There was a remarkable synergy about this pair of races out beyond eastern Europe. Each of the two title contenders took grid penalties for power unit changes – Max Verstappen in Russia, Lewis Hamilton in Turkey – defining their tasks in those respective races as points damage limitation. Furthermore, the outcome of each race was randomised by the weather forcing late agonising decisions on pitting or staying out. As that process played out in Sochi, Lando Norris lost out on what was shaping up into his first career victory – and it passed instead to Hamilton, for an historic 100th time. In Turkey, with Hamilton gridpenalised and Red Bull less competitive than usual, Valtteri Bottas took his first victory of the season.
Verstappen, second in both races, and six points in the lead of the championship after Turkey with six rounds remaining sounded a note of caution about his prospects in light of Mercedes’ relentless performance. “We have been at tracks that naturally were a bit better for Mercedes but then this track was a bit unknown and clearly they were ahead of us. I do think we need to step it up a bit to be in the fight until the end of the season.”

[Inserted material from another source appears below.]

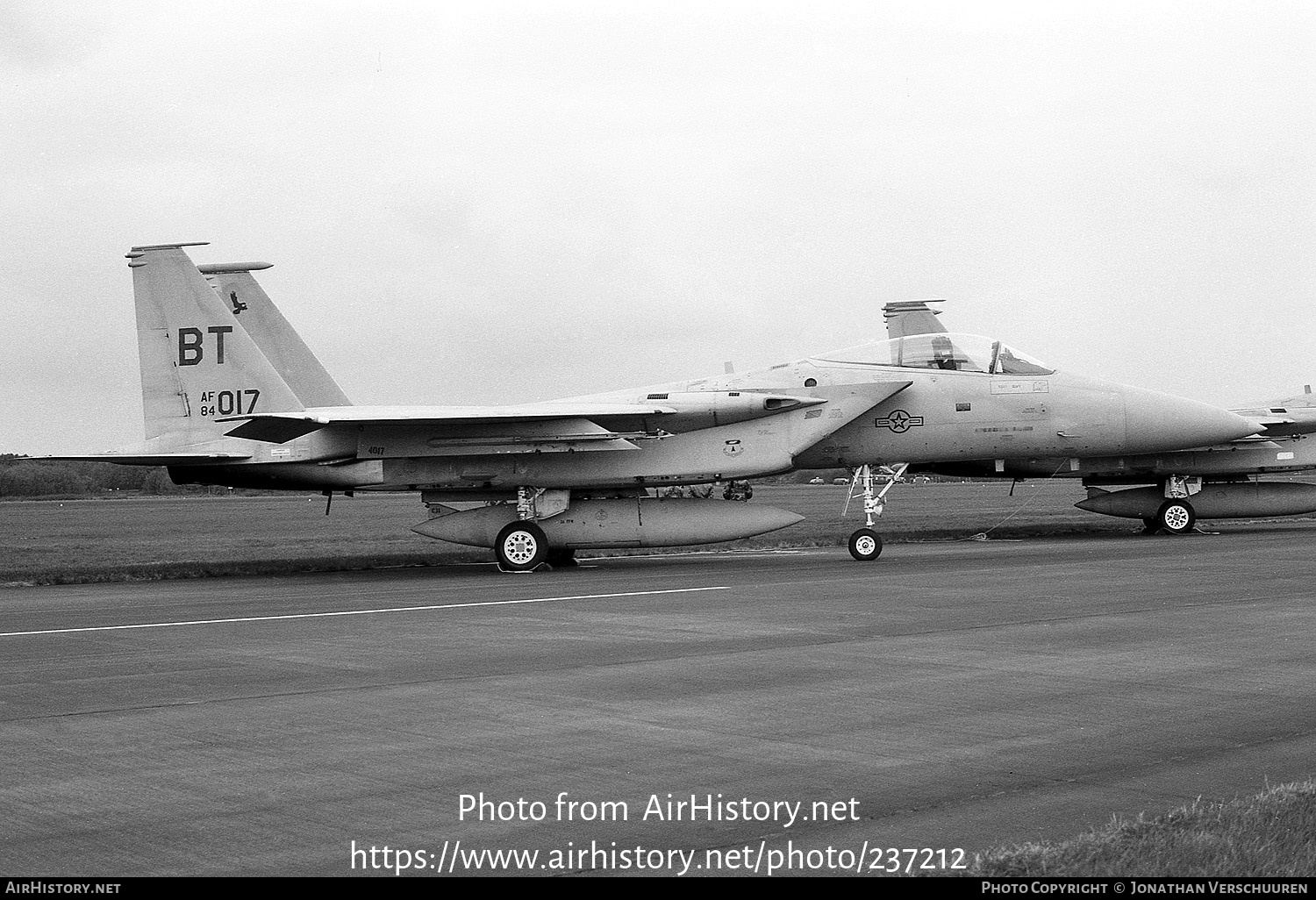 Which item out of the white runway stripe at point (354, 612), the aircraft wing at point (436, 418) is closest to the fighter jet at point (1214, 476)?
the aircraft wing at point (436, 418)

But maybe it won’t be decided on outright pace. Reliability has to be a major concern for both as the power units get towards the end of a long season. Red Bull opted for Sochi to introduce a complete new Honda power unit for Verstappen (given that he was taking a three-place penalty anyway for his collision with Hamilton at Monza). This decision had, of course, been hastened by the damage one of his units took in the British Grand Prix accident with Hamilton. But Mercedes had concerns of its own. Two weeks before Sochi, in Monza, Bottas had taken penalties for a new PU. But there were concerns about that brand new unit and for qualifying in Russia he was running with one of his old original engines. After qualifying it was decided he would take his fifth new internal combustion engine, turbo and MGU-H and he’d start from 16th. What were described as ‘strange noises’ were being heard but not fully understood, hence the precaution. With Nicholas Latifi’s Williams also taking a grid penalty for a new Mercedes PU it seemed just a matter of time before Hamilton would be taking one too.